Define the service nodes in the database

This document assumes that you have previously defined your compute nodes in the database. It is also possible at this point that you have generic entries in your db for the nodes you will use as service nodes as a result of the node discovery process. We are now going to show you how to add all the relevant database data for the service nodes (SN) such that the SN can be installed and managed from the Management Node (MN). In addition, you will be adding the information to the database that will tell xCAT which service nodes (SN) will service which compute nodes (CN).

For this example, we have two service nodes: sn1 and sn2. We will call our Management Node: mn1. Note: service nodes are, by convention, in a group called service. Some of the commands in this document will use the group service to update all service nodes.

Note: a Service Node’s service node is the Management Node; so a service node must have a direct connection to the management node. The compute nodes do not have to be directly attached to the Management Node, only to their service node. This will all have to be defined in your networks table.

Add Service Nodes to the nodelist Table

Define your service nodes (if not defined already), and by convention we put them in a service group. We usually have a group compute for our compute nodes, to distinguish between the two types of nodes. (If you want to use your own group name for service nodes, rather than service, you need to change some defaults in the xCAT db that use the group name service. For example, in the postscripts table there is by default a group entry for service, with the appropriate postscripts to run when installing a service node. Also, the default kickstart/autoyast template, pkglist, etc that will be used have files names based on the profile name service.)

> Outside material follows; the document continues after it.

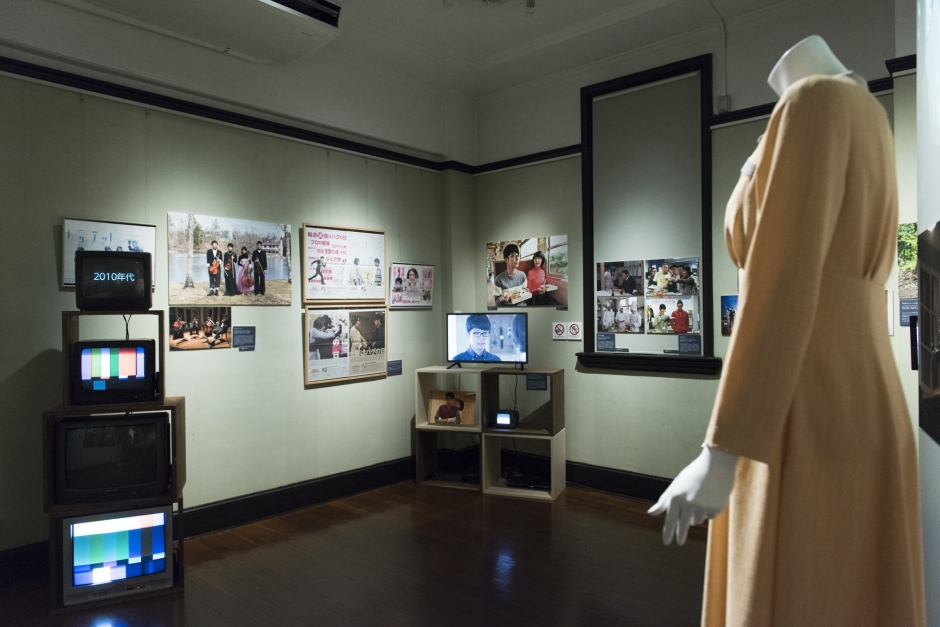 2階の第二展示室には、『逃げ恥』(TBS、2016)と『カルテット』(TBS、2017)のコーナーが。映像やスチール写真など、ドラマの感動を味あうことができる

mkdef sn1,sn2 groups=service,ipmi,all

Add OS and Hardware Attributes to Service Nodes

When you ran copycds, it creates several osimage definitions, including some appropriate for SNs. Display the list of osimages and choose one with “service” in the name:

lsdef -t osimage

For this example, let’s assume you chose the stateful osimage definition for rhels 7: rhels7-x86_64-install-service . If you want to modify any of the osimage attributes (e.g. kickstart/autoyast template, pkglist, etc), make a copy of the osimage definition and also copy to /install/custom any files it points to that you are modifying.

Now set some of the common attributes for the SNs at the group level:

chdef -t group service arch=x86_64 \
                       os=rhels7 \
                       nodetype=osi
                       profile=service \
                       netboot=xnba installnic=mac \
                       primarynic=mac \
                       provmethod=rhels7-x86_64-install-service

Add Service Nodes to the servicenode Table

An entry must be created in the servicenode table for each service node or the service group. This table describes all the services you would like xcat to setup on the service nodes. (Even if you don’t want xCAT to set up any services - unlikely - you must define the service nodes in the servicenode table with at least one attribute set (you can set it to 0), otherwise it will not be recognized as a service node.)

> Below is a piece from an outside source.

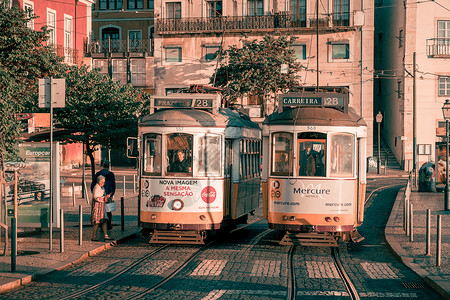 2017年5月3日葡萄牙里斯本街头传统老旧黄电车运行图片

When the xcatd daemon is started or restarted on the service node, it will make sure all of the requested services are configured and started. (To temporarily avoid this when restarting xcatd, use “service xcatd reload” instead.)

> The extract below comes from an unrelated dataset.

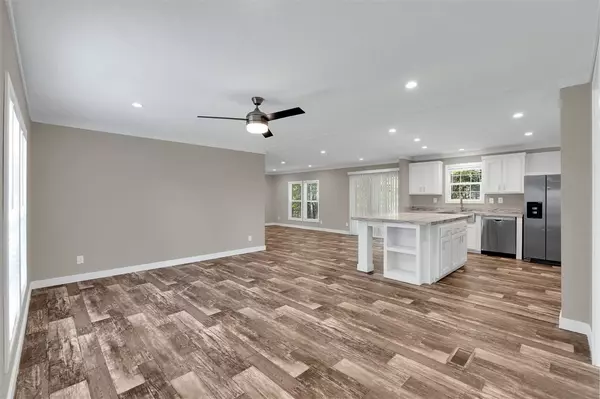 Central, SC 29630,124 Cherrywood DR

To set up the minimum recommended services on the service nodes:

chdef -t group -o service setupnfs=1 \
                          setupdhcp=1 setuptftp=1 \
                          setupnameserver=1 \
                          setupconserver=1

See the setup* attributes in the node manpage for the services available. (The HTTP server is also started when setupnfs is set.)

If you are using the setupntp postscript on the compute nodes, you should also set setupntp=1. For clusters with subnetted management networks (i.e. the network between the SN and its compute nodes is separate from the network between the MN and the SNs) you might want to also set setupipforward=1.

Add Service Node Postscripts

By default, xCAT defines the service node group to have the “servicenode” postscript run when the SNs are installed or diskless booted. This postscript sets up the xcatd credentials and installs the xCAT software on the service nodes. If you have your own postscript that you want run on the SN during deployment of the SN, put it in /install/postscripts on the MN and add it to the service node postscripts or postbootscripts. For example:

chdef -t group -p service postscripts=<mypostscript>

Notes:

  • For Red Hat type distros, the postscripts will be run before the reboot of a kickstart install, and the postbootscripts will be run after the reboot.
  • Make sure that the servicenode postscript is set to run before the otherpkgs postscript or you will see errors during the service node deployment.
  • The -p flag automatically adds the specified postscript at the end of the comma-separated list of postscripts (or postbootscripts).

If you are running additional software on the service nodes that need ODBC to access the database (e.g. LoadLeveler or TEAL), use this command to add the xCAT supplied postbootscript called “odbcsetup”.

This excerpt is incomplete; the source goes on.